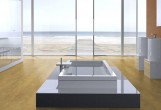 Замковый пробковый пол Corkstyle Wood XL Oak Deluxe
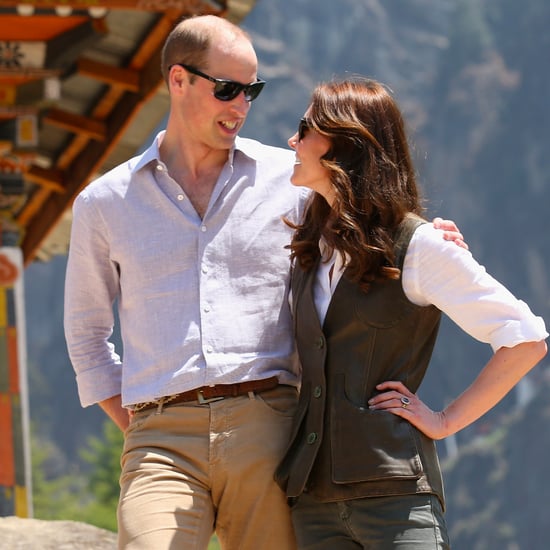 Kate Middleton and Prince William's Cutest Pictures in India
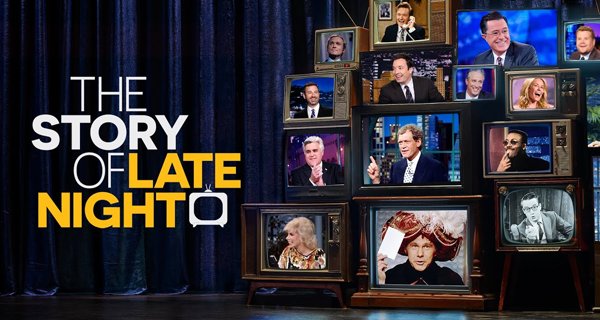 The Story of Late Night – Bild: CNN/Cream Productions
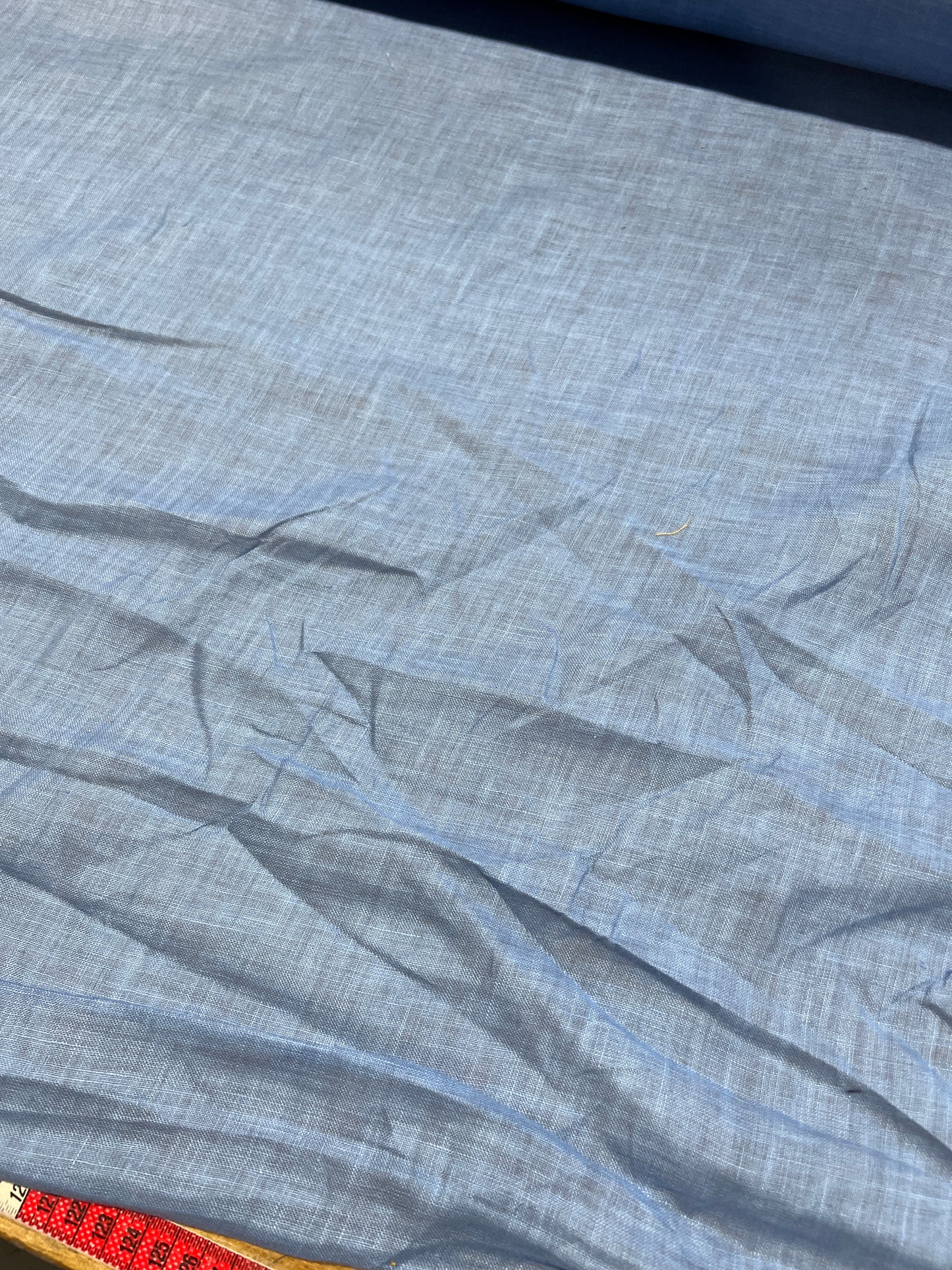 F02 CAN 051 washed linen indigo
******
◆ **PROBLEM TO SOLVE**:
Copy out the data above exactly, except the pictures.

◆ **TASK ANSWER**:
 Замковый пробковый пол Corkstyle Wood XL Oak Deluxe
 Kate Middleton and Prince William's Cutest Pictures in India
 The Story of Late Night – Bild: CNN/Cream Productions
 F02 CAN 051 washed linen indigo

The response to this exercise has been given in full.